Stored items
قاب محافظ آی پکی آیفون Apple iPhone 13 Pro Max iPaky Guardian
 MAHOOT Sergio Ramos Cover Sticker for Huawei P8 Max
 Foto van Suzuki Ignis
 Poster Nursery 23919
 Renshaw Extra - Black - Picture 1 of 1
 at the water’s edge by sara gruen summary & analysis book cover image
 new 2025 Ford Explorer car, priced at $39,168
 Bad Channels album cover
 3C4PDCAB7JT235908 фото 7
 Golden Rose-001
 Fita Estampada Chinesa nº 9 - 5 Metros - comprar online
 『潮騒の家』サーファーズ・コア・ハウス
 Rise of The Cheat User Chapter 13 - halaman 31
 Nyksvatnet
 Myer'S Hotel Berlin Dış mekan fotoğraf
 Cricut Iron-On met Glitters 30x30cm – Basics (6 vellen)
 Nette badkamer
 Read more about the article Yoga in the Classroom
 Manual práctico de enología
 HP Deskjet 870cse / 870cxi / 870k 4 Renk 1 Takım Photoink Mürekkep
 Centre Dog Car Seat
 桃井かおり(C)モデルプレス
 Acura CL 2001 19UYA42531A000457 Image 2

## Problem to solve
Up to and including the line with "Read more about", please return the records exactly, beginning from their first line.

## Exercise output
قاب محافظ آی پکی آیفون Apple iPhone 13 Pro Max iPaky Guardian
 MAHOOT Sergio Ramos Cover Sticker for Huawei P8 Max
 Foto van Suzuki Ignis
 Poster Nursery 23919
 Renshaw Extra - Black - Picture 1 of 1
 at the water’s edge by sara gruen summary & analysis book cover image
 new 2025 Ford Explorer car, priced at $39,168
 Bad Channels album cover
 3C4PDCAB7JT235908 фото 7
 Golden Rose-001
 Fita Estampada Chinesa nº 9 - 5 Metros - comprar online
 『潮騒の家』サーファーズ・コア・ハウス
 Rise of The Cheat User Chapter 13 - halaman 31
 Nyksvatnet
 Myer'S Hotel Berlin Dış mekan fotoğraf
 Cricut Iron-On met Glitters 30x30cm – Basics (6 vellen)
 Nette badkamer
 Read more about the article Yoga in the Classroom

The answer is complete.